We then formally tested whether host transcriptional response may be modulated by an interaction between host genetics and the microbiota. Previous studies have examined gene-by-environment interactions in response to infection by searching for response expression quantitative trait loci (reQTLs), where the genetic effect on gene expression is only present under certain conditions (71–74). However, this type of study requires many individuals in order to gain enough statistical power. Instead, we searched for gene-by-environment interactions by examining ASE conditional on the exposure to the microbiota (conditional ASE [cASE]). Due to differences in sequencing depth and number of ASE identified in each sample, we only tested for cASE on SNPs with sufficient coverage in both the treatment and the corresponding control. We identified 12 SNPs in 12 different genes that showed cASE under any of the three treatment conditions (empirical FDR, <12%) (Fig. 4A and B; see also Table S8 and Fig. S2C in the supplemental material). These genes represent the host response that is regulated by both host genetics and the interaction with the gut microbiota.
Two of the 12 genes with cASE have been implicated in the immune response (USP36, PIP5K1A), while 8 of them have been linked to a disease affected by dysbiosis in the gut (USP36, PIP5K1A, AFAP1L2, GIPC1, ASAP2, RNF213, KCTD12, LASP1) (75–85). For example, we found cASE at SNP rs1130638, favoring the reference allele, in LASP1 as well as increased total expression of LASP1 following exposure to the high concentration of microbiota at 4 h (Fig. 4A and C). This suggests that the gut microbiota has a stronger effect on LASP1 upregulation in the presence of a specific allelic variant. Because previous reports have shown that LASP1 has increased expression in colorectal cancer (80, 81, 83), these results suggest that microbiota exposure may increase the risk for colorectal cancer in individuals carrying the allele associated with higher expression of LASP1.
The gut microbiota has been shown to be complex and variable under physiological and pathological conditions. While studies of the microbiome have become more common, in humans they have been mostly limited to identifying associations between microbial communities and host phenotypes. Here, we have developed a novel approach to directly investigate the transcriptional changes induced by live microbial communities on host colonic epithelial cells and how these changes are modulated by host genotype. The advantage of this method, compared to in vivo studies in mice, is that it allows for high-throughput testing of multiple microbiota and host combinations with quick assessment of the interaction. Future applications of this method may extend to colonic organoids. Organoid cultures closely resemble the three-dimensional structure of the colonic epithelium observed in vivo and can be derived from individual biopsy specimens (86).
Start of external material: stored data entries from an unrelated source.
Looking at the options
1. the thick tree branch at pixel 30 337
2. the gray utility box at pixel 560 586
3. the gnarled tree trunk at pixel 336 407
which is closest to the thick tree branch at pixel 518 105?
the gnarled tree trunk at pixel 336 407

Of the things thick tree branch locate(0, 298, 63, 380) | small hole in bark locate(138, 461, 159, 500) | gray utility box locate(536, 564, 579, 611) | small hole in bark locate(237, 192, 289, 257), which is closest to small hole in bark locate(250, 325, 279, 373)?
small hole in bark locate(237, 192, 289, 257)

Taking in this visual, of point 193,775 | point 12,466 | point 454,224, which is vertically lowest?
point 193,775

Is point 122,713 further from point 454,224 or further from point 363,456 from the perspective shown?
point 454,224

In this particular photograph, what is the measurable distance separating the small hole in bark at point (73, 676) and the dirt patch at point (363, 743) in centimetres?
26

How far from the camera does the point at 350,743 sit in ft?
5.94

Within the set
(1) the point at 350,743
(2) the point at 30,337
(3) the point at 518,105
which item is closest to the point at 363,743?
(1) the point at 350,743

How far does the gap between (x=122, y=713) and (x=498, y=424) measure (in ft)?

In this study, we were able to learn about the human colonocyte response to fecal microbial communities. We identified over 6,000 host genes that change expression following coculture with the microbiota. These genes are enriched for certain functions, including cell-cell interaction and cell migration, and in higher concentrations of microbiota we saw enrichment for genes involved in the immune response. Our study design allowed us to assess how the host-microbiota relationship changes under various conditions (Low-4, Low-6, and High-4). Our results suggest that a higher microbiota concentration leads to a more pronounced immune response that may be more representative of an infection. We also observed that prolonged coculturing (6 h) results in the least concordant gene expression changes, suggesting that culturing for 6 h may lead to lower cell viability (as could also be seen following visual inspection of the host cells). Therefore, while there is a high degree of overlap of differentially expressed genes across all 3 treatments, our data suggest that a 10:1 ratio for 4 h is the optimal treatment condition, as the genes that change expression are those involved in cell-cell junctions and cell viability is still high.
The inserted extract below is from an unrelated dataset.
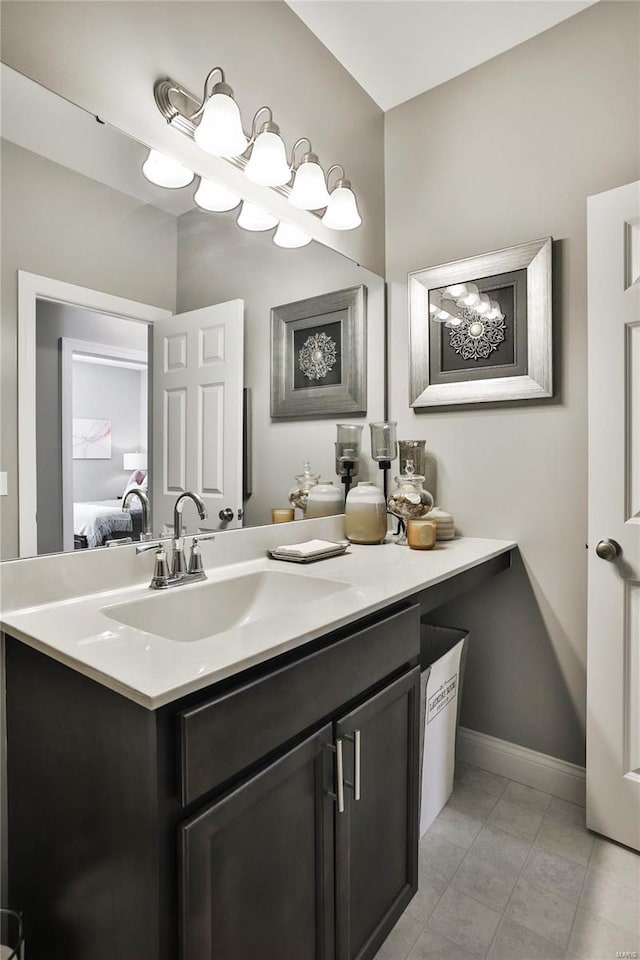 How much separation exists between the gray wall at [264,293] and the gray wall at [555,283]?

Although we did not assess changes to the composition of the microbiota following culturing, the composition may change due to the molecular interactions between host cells and microbiota, similar to changes that occur in vivo. However, the composition of the microbiota could also be influenced by the culturing environment. For example, the nutritional environment and oxygen level may impact the microbiota. Moreover, even though we cultured in antibiotic-free medium, residual antibiotics may still affect community composition. Future studies that profile microbiota dynamics in the culturing system will be able to address these questions.
In addition to our novel experimental design, our analysis also adds to the understanding of the interaction between human genetic variation and the microbiota. Previous work has searched for quantitative trait loci that are associated with the abundance of certain bacteria, but these studies have lacked power to detect many loci (32, 33, 35). Our analysis of allele-specific expression maximized the information available for each individual and allowed us to identify 12 loci that demonstrated conditional allele-specific expression and evidence of gene-by-microbiota interaction in a single individual. This system is easily amenable to scaling up in order to perform eQTL and response eQTL analysis (37–42, 71–74).
When we further searched for genes where genetic variation affected the response to microbiota exposure, we found 12 genes containing cASE. Several of these genes can be linked to cell adhesion and migration (AFAP1L2, PIP5K1A, GIPC1, ARFGAP3, ASAP2, LASP1) (84, 85, 87). These interactions demonstrate how the microbiota may influence cell-cell junctions and cell surface receptors, likely due to the in vivo reaction of colonocytes to protect the body from infection by sealing tight junctions and replacing cells that have been sloughed off by intestinal movement (52, 88–90). This influence may have an adverse effect on the host, as demonstrated by cASE for LASP1. LASP1 encodes a protein that binds to actin and regulates the cytoskeleton, and it has previously been shown to increase in expression following infection. Specifically, infection with hepatitis B virus X increased LASP1 expression and led to cell migration (97). However, when LASP1 expression was knocked down following exposure to the virus, subsequent cell migration and movement were also reduced. Furthermore, colorectal cancer cells also show higher expression of LASP1, suggesting that LASP1 plays a similar role in colonocytes (80, 81, 83). Together, these data suggest another mechanism by which the microbiota may influence cell migration and perhaps carcinogenesis through genotype-dependent expression changes in LASP1.
Additionally, we identified several genes with cASE that have been associated with diabetes (GIPC1, USP36, RNF213, KCTD12) or obesity (PIP5K1A) (78, 79, 81–83). Both diabetes and obesity have been linked to microbiome composition (7, 27, 58). These genes may play a role in host-microbiota interactions and the dysbiosis that leads to these diseases.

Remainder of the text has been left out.